Could the entries below be reproduced exactly, with the images removed?

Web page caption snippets
######
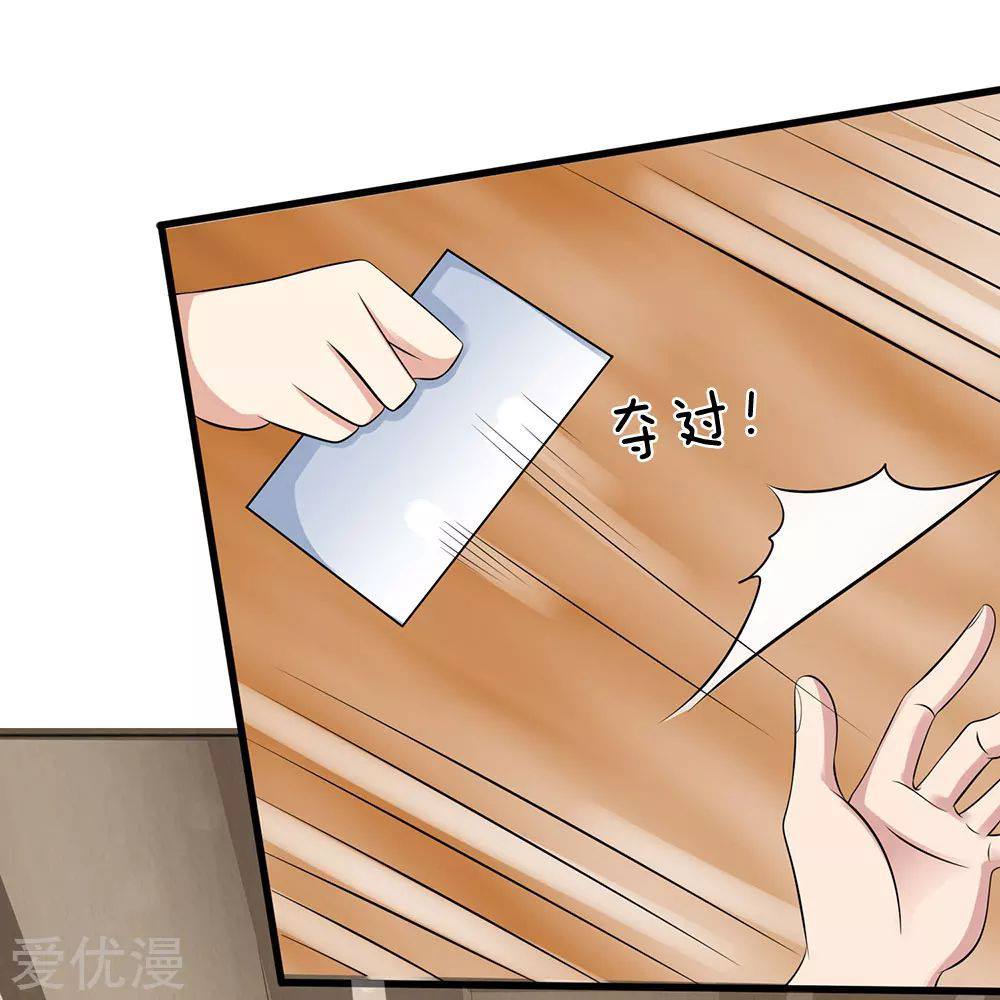 นครเซียนแห่งผู้ต่อต้านสวรรค์ ตอนที่ 95 หน้า 18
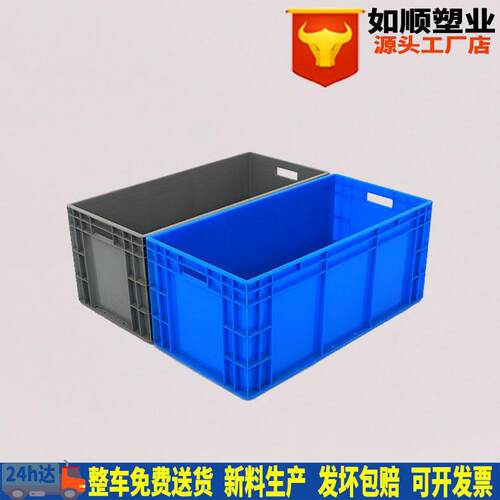 广州东莞EU箱物流汽车配件欧标塑料箱800*400*330mm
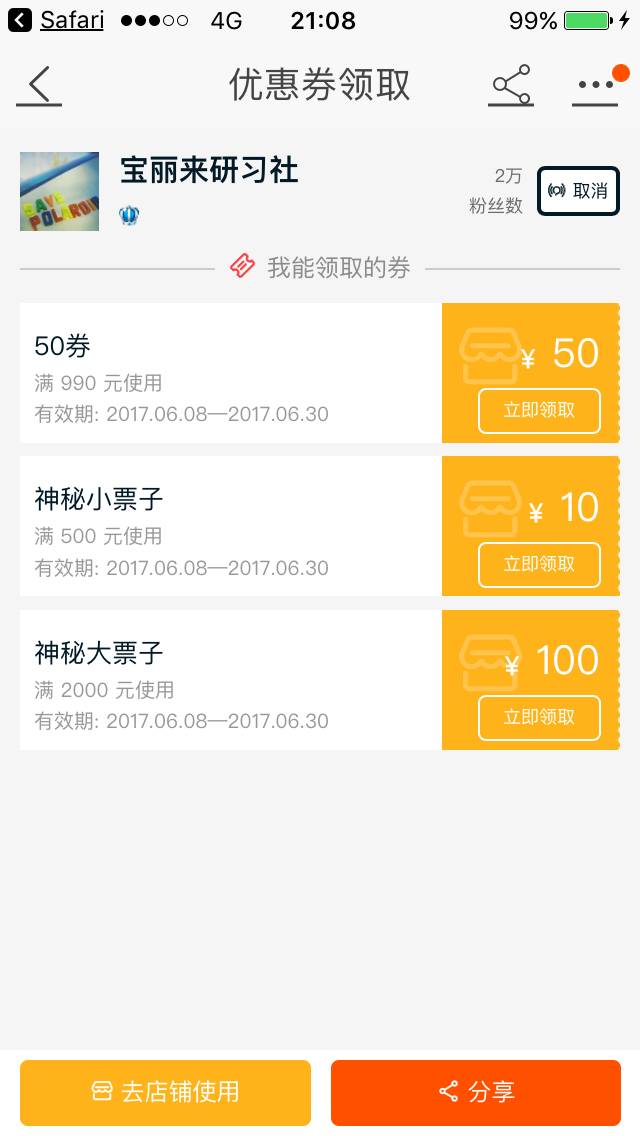 新奧天天開獎資料大全600tkm，一網(wǎng)打盡所有信息，新奧天天開獎資料大全一網(wǎng)打盡，600tkm所有信息匯總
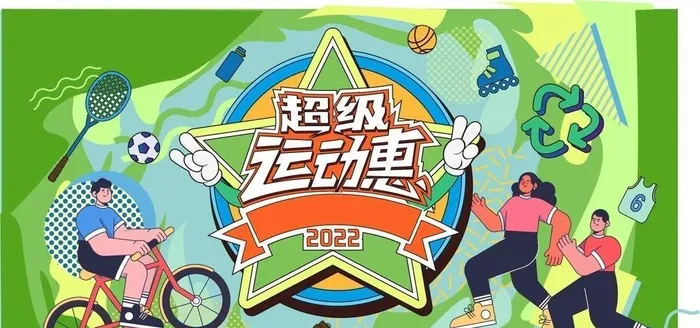 青春主视觉图片ai矢量模版下载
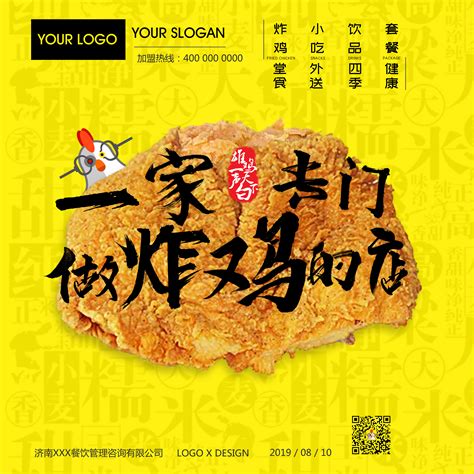 炸鸡品牌logo形象设计_行客品牌设计-站酷ZCOOL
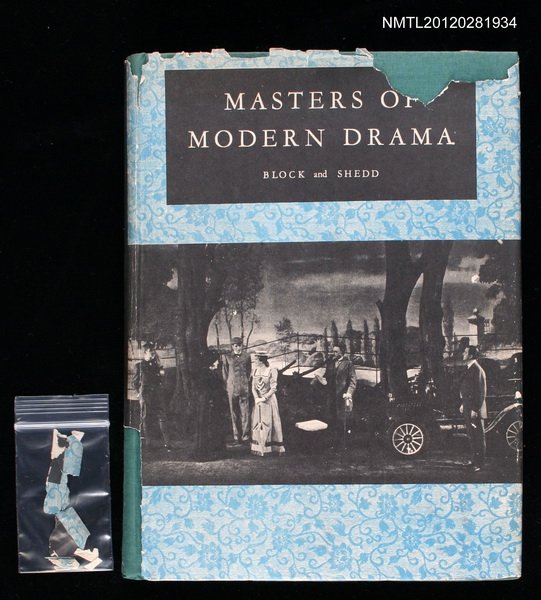 主要名稱：MASTERS OF MODERN DRAMA圖檔，第1張，共1張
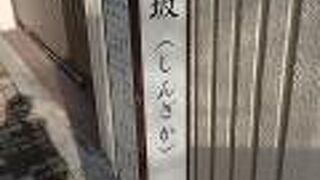 明治に入ってからつくられた坂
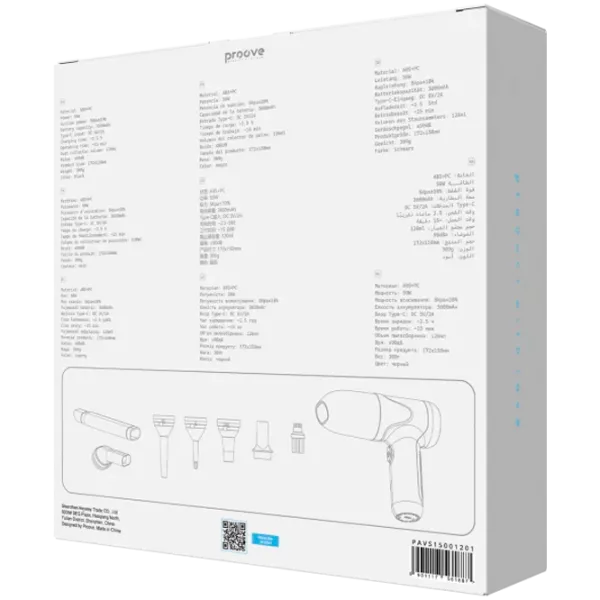 Aspirator portabil Proove Void Assistant V1 50 W / Gray Black photo 7
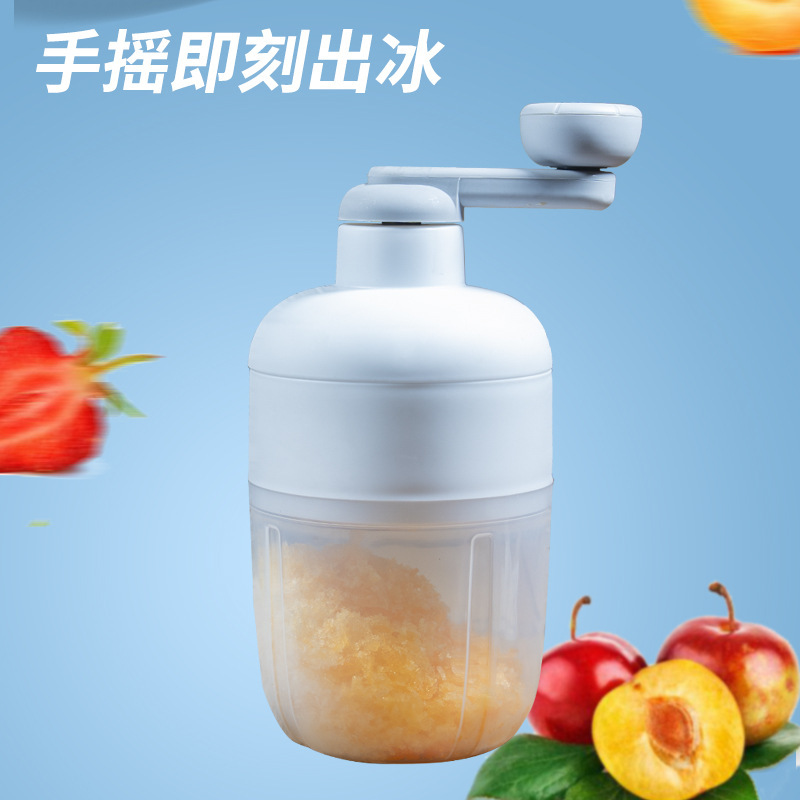 Hand Ice Planer Household Small Smoother Machine Stall Unplugged Hand Hail Ice Crusher Mianice Ice Maker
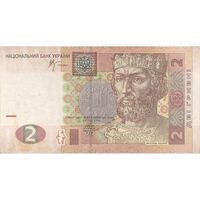 اسکناس 2 هریونیا 2005 جمهوری - تک - VF - اوکراین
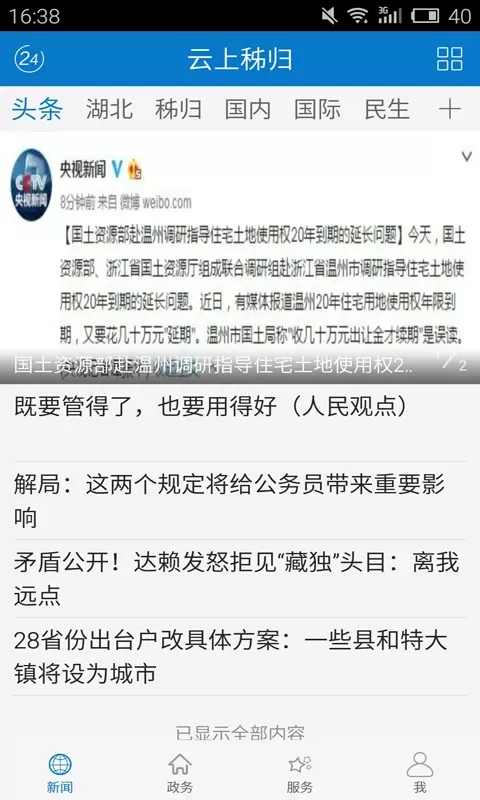 云上秭归下载安卓图1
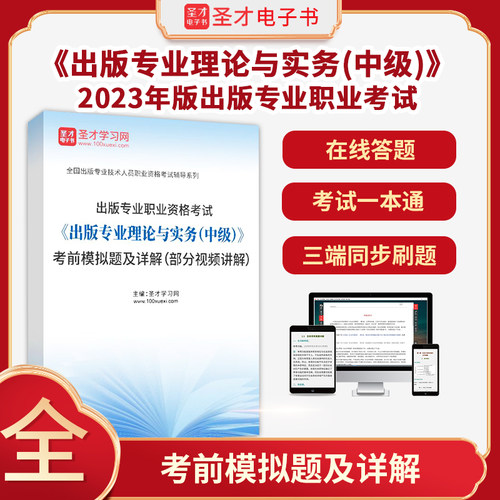 2026年出版专业职业资格考试《出版专业理论与实务（中级）》考前模拟题及详解（部分视频讲解）圣才电子书真题卷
######
EXERCISE RESULT:
 นครเซียนแห่งผู้ต่อต้านสวรรค์ ตอนที่ 95 หน้า 18
 广州东莞EU箱物流汽车配件欧标塑料箱800*400*330mm
 新奧天天開獎資料大全600tkm，一網(wǎng)打盡所有信息，新奧天天開獎資料大全一網(wǎng)打盡，600tkm所有信息匯總
 青春主视觉图片ai矢量模版下载
 炸鸡品牌logo形象设计_行客品牌设计-站酷ZCOOL
 主要名稱：MASTERS OF MODERN DRAMA圖檔，第1張，共1張
 明治に入ってからつくられた坂
 Aspirator portabil Proove Void Assistant V1 50 W / Gray Black photo 7
 Hand Ice Planer Household Small Smoother Machine Stall Unplugged Hand Hail Ice Crusher Mianice Ice Maker
 اسکناس 2 هریونیا 2005 جمهوری - تک - VF - اوکراین
 云上秭归下载安卓图1
 2026年出版专业职业资格考试《出版专业理论与实务（中级）》考前模拟题及详解（部分视频讲解）圣才电子书真题卷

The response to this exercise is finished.